A customer of Baglioni Hotels, a well-known chain of hotels, made on 1 October 2016 a non-refundable booking for four luxury rooms at their Rome hotel for the nights from 23 December to 2 January 2017 at a special discounted rate, for which a substantial down payment was simultaneously made.

Four days after the booking, the customer cancelled his booking and requested the return of his payment.

The hotel has refused it and the customer issued proceedings against it, claiming the return of his payment.

The Court Decision

The Court has first excluded that the payment in issue be treated as a penalty. It has then also excluded that it could be treated as non-refundable earnest.

The Court has treated the customer’s termination as a proposal for a consensual termination accepted by the hotel.

The Court has eventually held that the creditor (the hotel) has a duty to behave fairly and in good faith, using the diligence which is needed to avoid or limit the negative effect to his debtor.

On this basis, the Court has found that the hotel, by not even trying to prove that the hotel had tried to rebook the rooms to other customers, was not entitled to keep this amount paid to it by its customer.

Was the payment a penalty?

The Court decision that the payment in issue was not a penalty seems to have to be shared, since it was paid only under the heading of “down payment”.

Was the payment an earnest?

The Court decision seems convincing also when it has affirmed that it was not even an earnest, what would in fact have had a purpose similar to liquidated damages, what does not result from a mere down payment.

Was it then a consensual termination?

The Court decision is not convincing as to its finding that the cancellation of the booking was a proposal for a consensual termination, accepted by the hotel.

In fact, one of the terms of the customer’s proposal was the return of his payment, what the hotel has refused to do.

No consensual termination seems then to follow from such a conduct.

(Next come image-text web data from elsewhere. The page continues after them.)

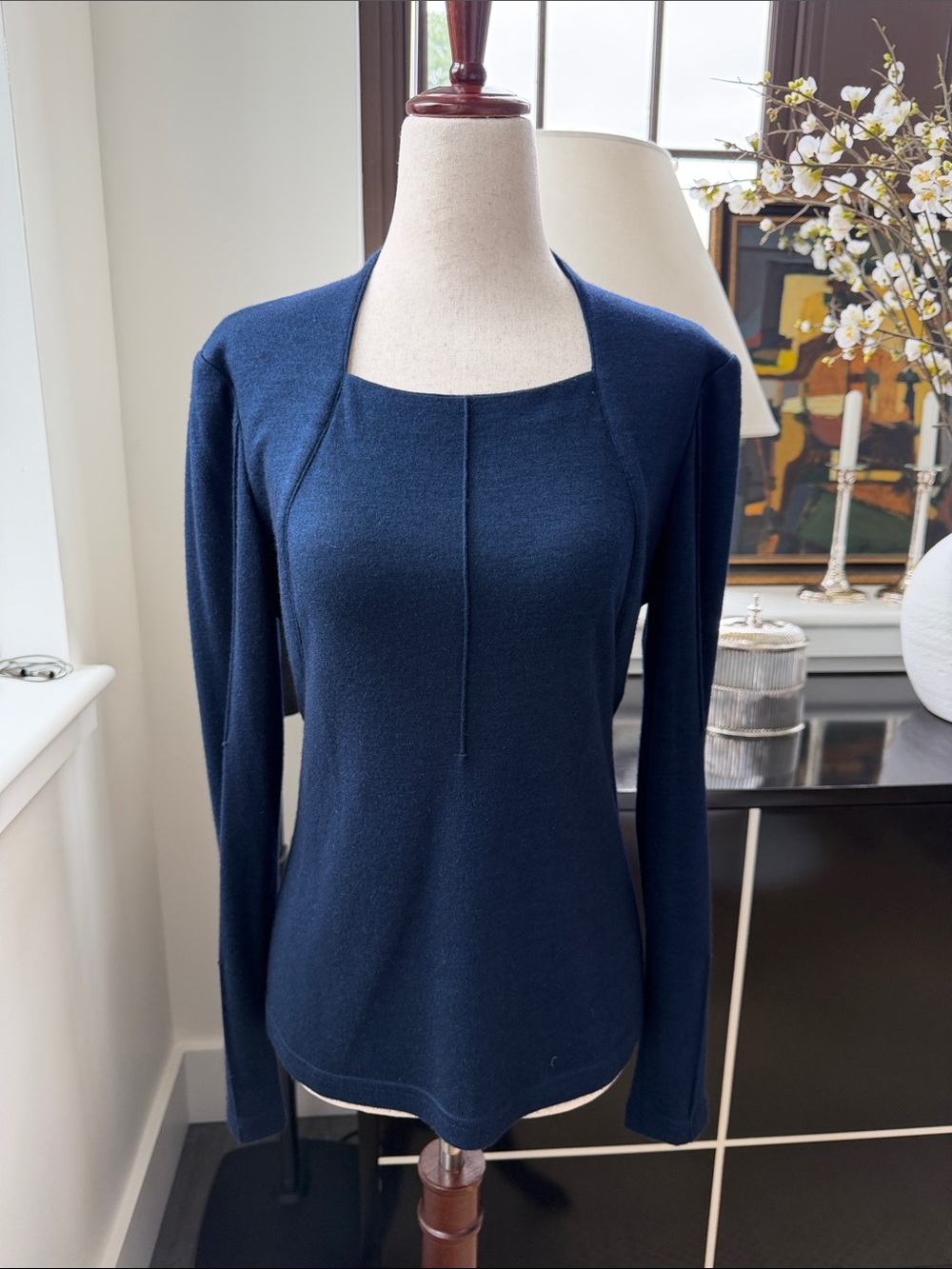 Chado Ralph Rucci Square Neck Cashmere/Silk Knit Top in Navy
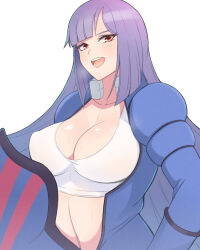 bodysuit breasts gundam highres large_breasts long_hair mobile_suit_gundam navel open_clothes pilot_suit purple_hair red_eyes roux_louka zz_gundam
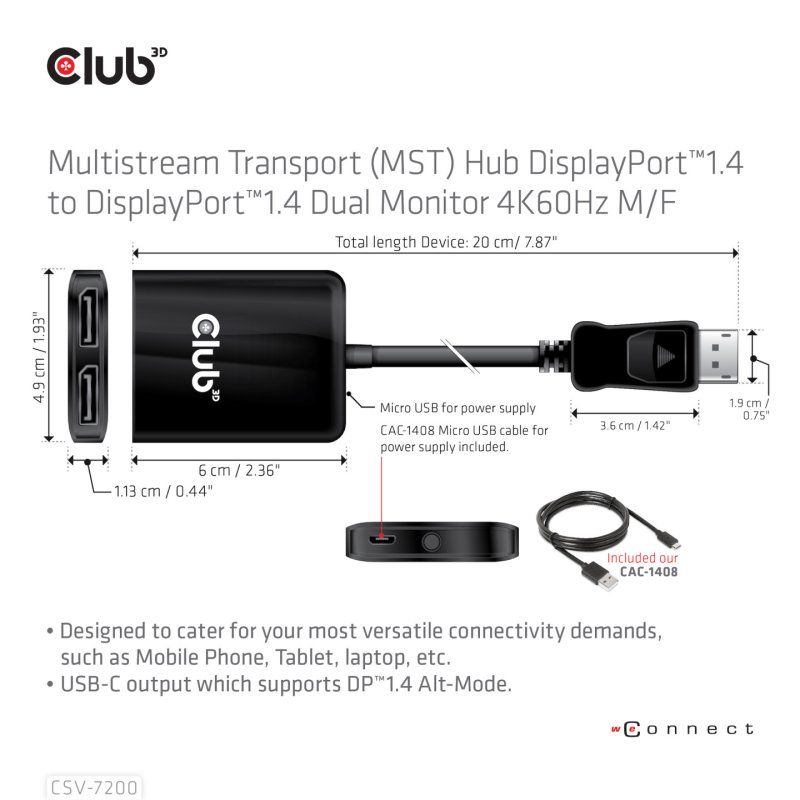 CLUB3D Multi Stream Transport (MST) Hub DisplayPort 2x DisplayPort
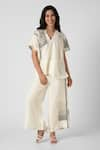 Buy_KAVERI_Off White 100% Linen Printed Brick V Neck Top And Pant Set  _at_Aza_Fashions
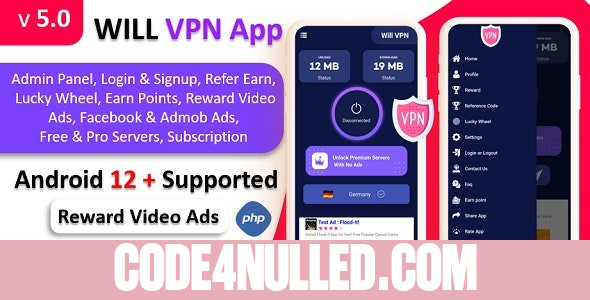 WILL VPN App v5.0 - VPN App With Admin Panel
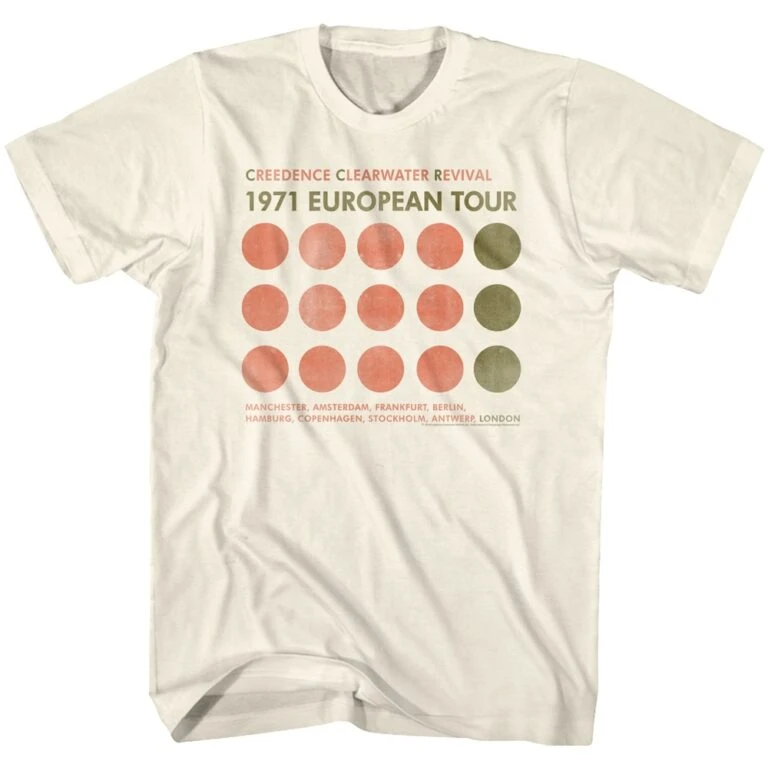 Creedence Clearwater Revival European Tour 1971 Men’s T Shirt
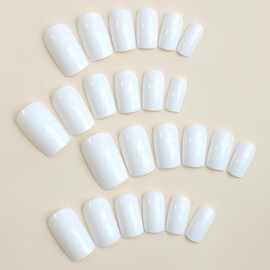 White Press on Nails Short Medium Square Fake Nails Solid Color False Nails Full Cover Acrylic Nails Press ons, Glossy Glue on Nails Stick on Nails Short Artificial for Women Girls Manicure Kit 24 Pcs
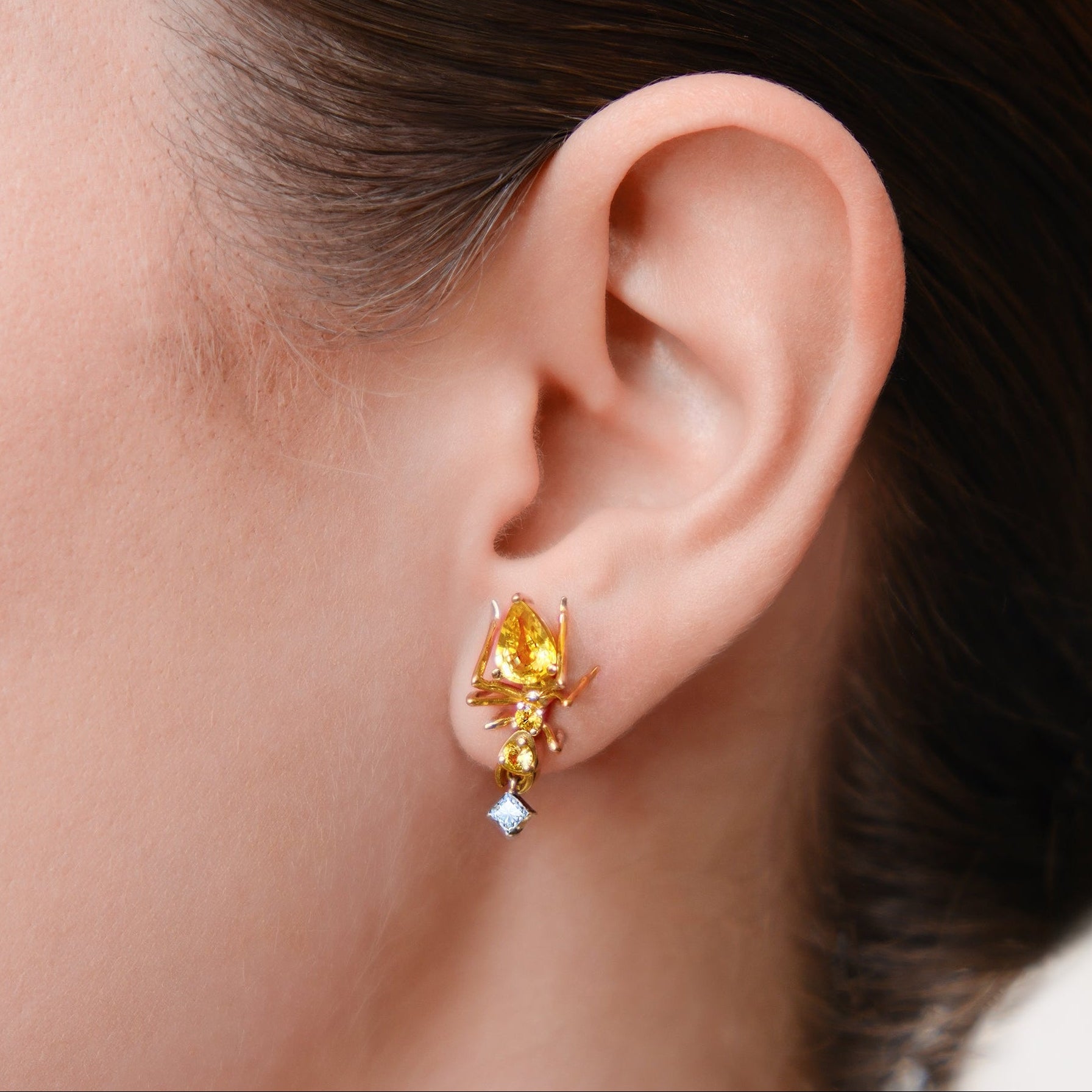 Kokoro Stud Earring Yellow Gold with Yellow Sapphires
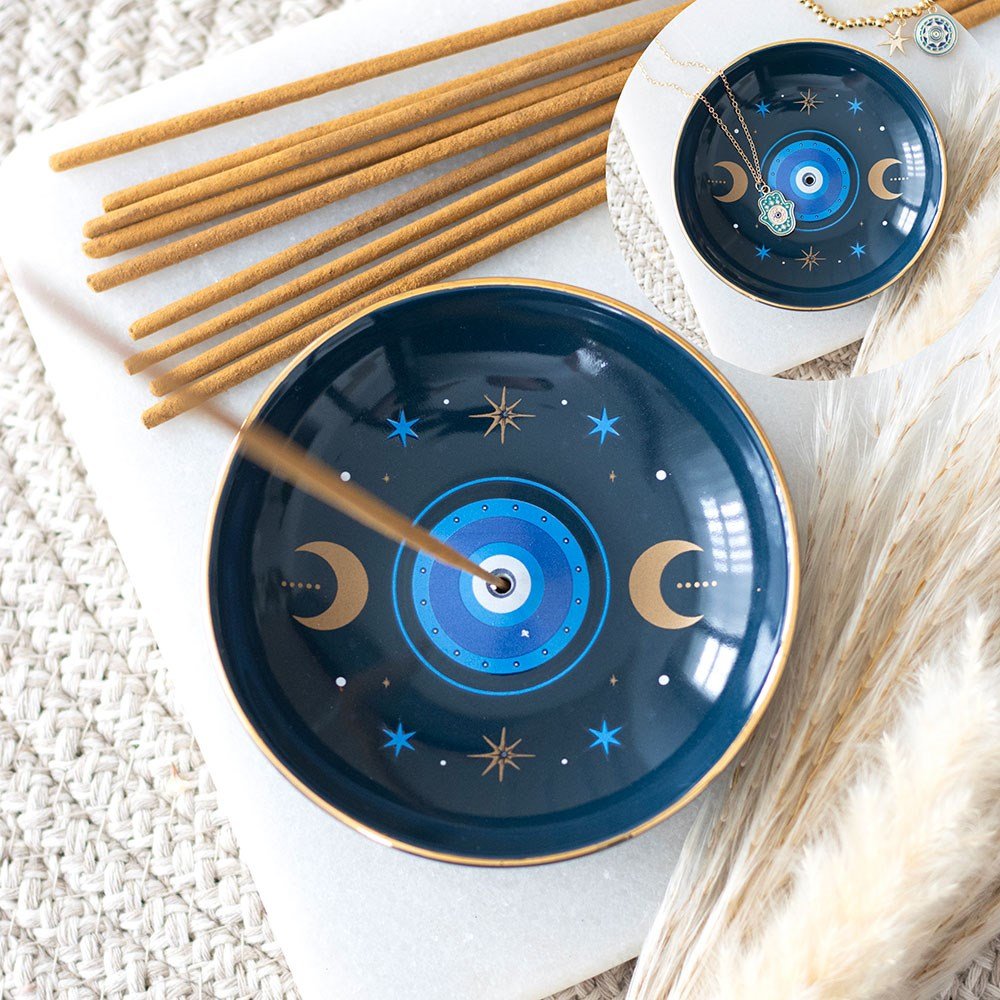 Ceramic Incense Holder - Celestial Evil Eye - The Crescent Moon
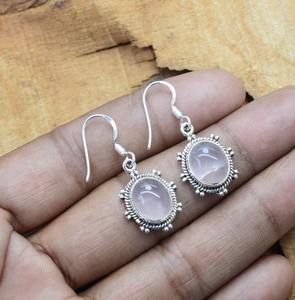 925 Sterling Silver Gemstone Spinner <b>Earrings</b> Pink Quartz Handmade Jewelry Birthstone Natural Gift for Stone <b>Dangle</b> <b>Earrings</b> - Product Image 5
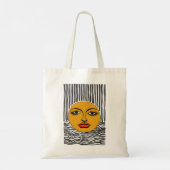 Sac fourre-tout d'art de visage abstrait moderne (Dos)
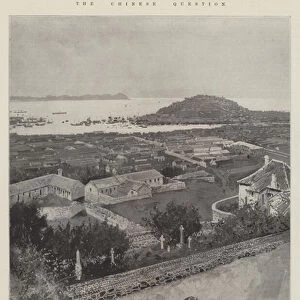 The Chinese Question, the Treaty Port Chefoo, View of the Town and Harbour (litho)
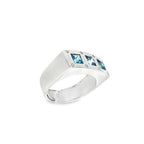 ANILLO ORO BLANCO 3 PIEDRAS AZULES Y DIAMANTES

A Duty of the Creditor to Act in Order also not to Affect the Legitimate Interest of the Debtor

The Court’s decision was based on a duty which has rather recently created by case law based on the basic principles of contract law and of the constitutional duty of social solidarity.

Contrary to a very old and well-established practice, the creditor’s conduct must now comply, under Italian law, with the duty to act, while exercising its rights, fairly, in good faith and not affecting the legitimate interest of its debtor.